Let \{ a_n \} and \{ b_n \} be two sequences that satisfy the relationship

    \[ e^{a_n} = a_n + e^{b_n} \]

for all n.

  1. Prove that if a_n > 0 for all n then b_n > 0 for all n.
  2. Prove that if a_n > 0 for all n and if \sum a_n is convergent, then

        \[ \sum \frac{b_n}{a_n} \qquad \text{converges}. \]

  1. Proof. Assume a_n > 0 for all n. From the given relation between the a_n and b_n we have

        \[ e^{a_n} = a_n + e^{b_n} \quad \implies \quad e^{b_n} = e^{a_n} - a_n. \]

    Now, we claim e^{a_n} - a_n > 1 for all n. To see this, consider the function

        \[ f(x) = e^x - x \qquad \implies \qquad f'(x) = e^x - 1. \]

    Since f'(x) > 0 for all x > 0 we have f(x) is increasing for all x > 0. Since f(0) = 1 we must have f(x) > 1 for all x > 0. Since a_n > 0 by assumption we then have

        \[ e^{a_n} - a_n > 1 \qquad \text{for all } n. \]

    But, this implies

        \[ e^{b_n} > 1 \quad \implies \quad b_n > 0 \]

    for all n. \qquad \blacksquare

  2. Proof. To prove \sum \frac{b_n}{a_n} converges we use the limit comparison test with \sum a_n. First, since \sum a_n converges we know

        \[ \lim_{n \to \infty} a_n = 0. \]

    Now, we use the given relation between the a_n and the b_n,

        \[ e^{a_n} = a_n + e^{b_n} \quad \implies \quad b_n = \log \left( e^{a_n} - a_n \right) = \log \left( 1 + \left( e^{a_n} - 1 - a_n \right) \right). \]

    Then, use the expansion of the exponential,

        \[ e^{a_n} = 1 + a_n + \frac{a_n^2}{2} + \cdots, \quad \implies \quad e^{a_n} - 1 - a_n = \frac{a_n^2}{2} + \frac{a_n^3}{6} + \cdots. \]

    This gives us

        \[ b_n = \frac{a_n^2}{2} + \frac{a_n^3}{6} + \cdots. \]

    Therefore,

        \begin{align*} \lim_{n \to \infty} \frac{\frac{b_n}{a_n}}{a_n} &= \lim_{n \to \infty} \frac{b_n}{a_n^2} \\[9pt] &= \lim_{n \to \infty} \frac{ \frac{a_n^2}{2} + \frac{a_n^3}{6} + \cdots }{a_n^2} \\[9pt] &= \frac{1}{2} + \lim_{n \to \infty} \left( \frac{a_n}{6} + \cdots \right) \\[9pt] &= \frac{1}{2}. &(\lim_{n \to \infty} a_n = 0.) \end{align*}

    Therefore, by the limit comparison test the series \sum \frac{b_n}{a_n} and \sum a_n either both converge or both diverge.
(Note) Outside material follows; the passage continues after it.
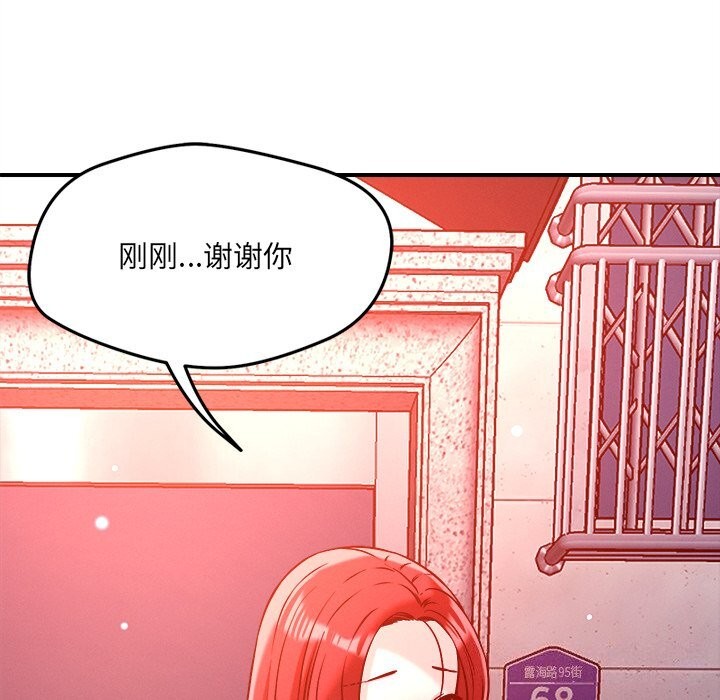 《恋人未满》漫画 第51話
Since \sum a_n converges by hypothesis, we have established the convergence of \sum \frac{b_n}{a_n}. \qquad\blacksquare

8 comments

    • Mohammad Azad says:

      I guess you assumed that there is a differentiable function f which satisfies all the conditions of L’Hopital’s rule and f(n)=a_n for all n? Oh and it seems you assumed that f'(x)=1 for all sufficiently large x?

  2. Andres Tellez says:

    Your proof is almost right. From the Taylor series you can deduce that the series of (e^bn-1) converges by the limit comparison test. But from part (a), we know that bn0 (because an>0, then bn>0). This shows that the series of bn converges.

  3. tom says:

    Apparently my comment didn’t post. There is a problem where you used the Taylor series in the comparison – it should be the log of the Taylor series. But more troubling to me is this: if a(n) converges, then a(n) becomes arbitrarily small. So e^a(n) —> e^b(n) because the order of magnitude of e^x is much greater then x. (x=a(n)).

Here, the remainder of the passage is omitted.